__WHAT TO WORK ON__.
Using the data below, restate exactly every line from the one with "asics Sportshirt in Weiß" up to and including the one with "男性用 MONDAINE 腕時計". No picture belongs in it.

__GIVEN DATA__.
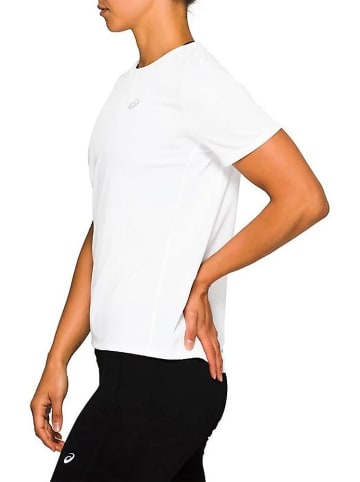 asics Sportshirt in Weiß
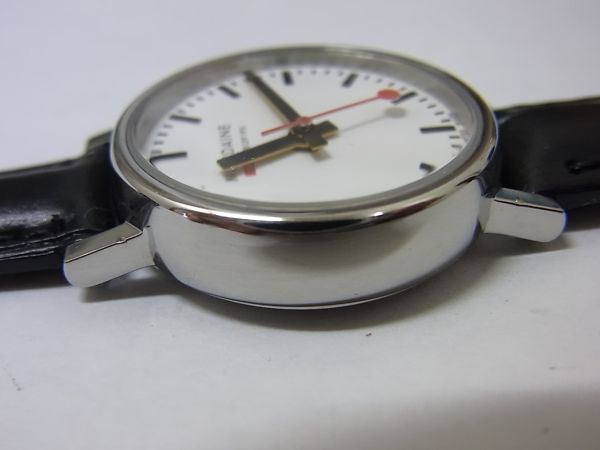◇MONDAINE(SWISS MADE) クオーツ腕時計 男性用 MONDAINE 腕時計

...

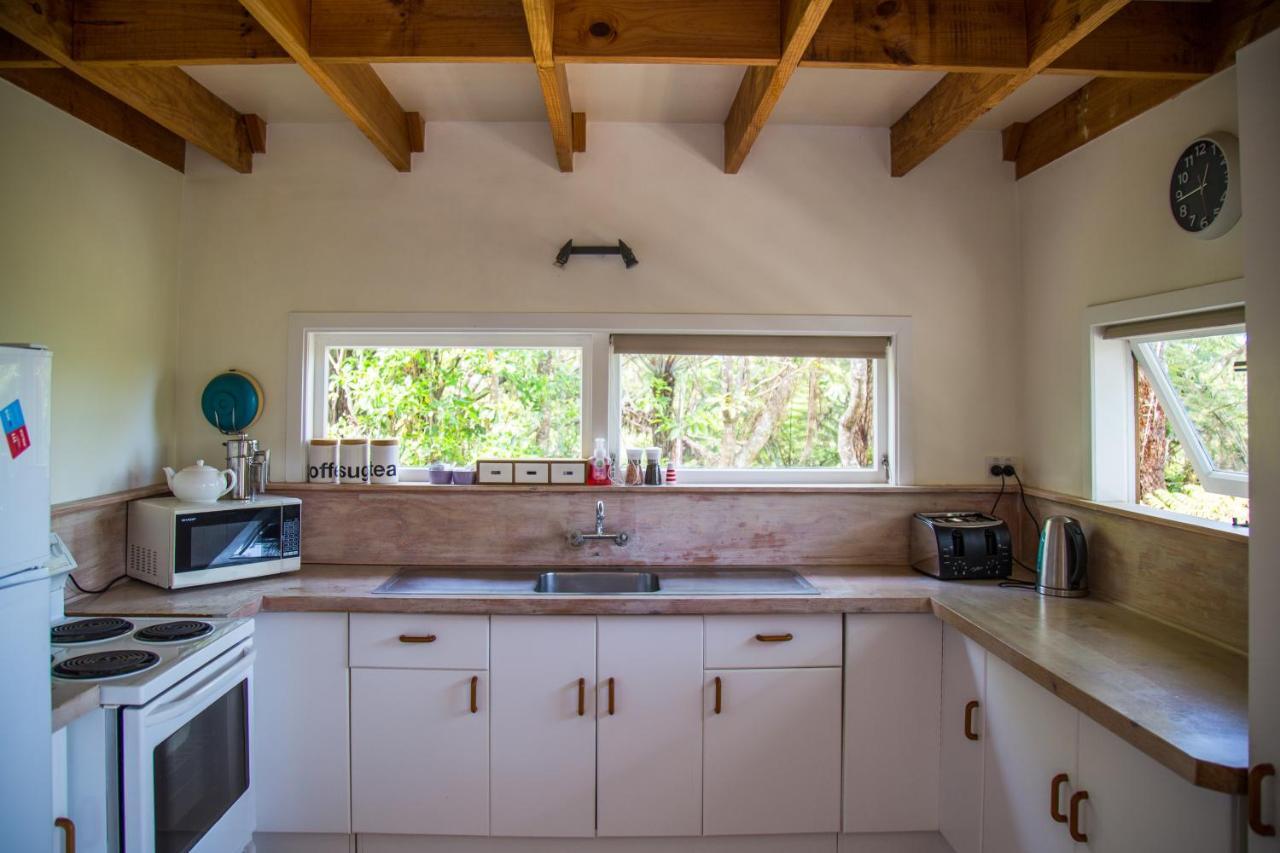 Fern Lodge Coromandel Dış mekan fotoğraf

__YOUR SOLUTION__.
 asics Sportshirt in Weiß
◇MONDAINE(SWISS MADE) クオーツ腕時計 男性用 MONDAINE 腕時計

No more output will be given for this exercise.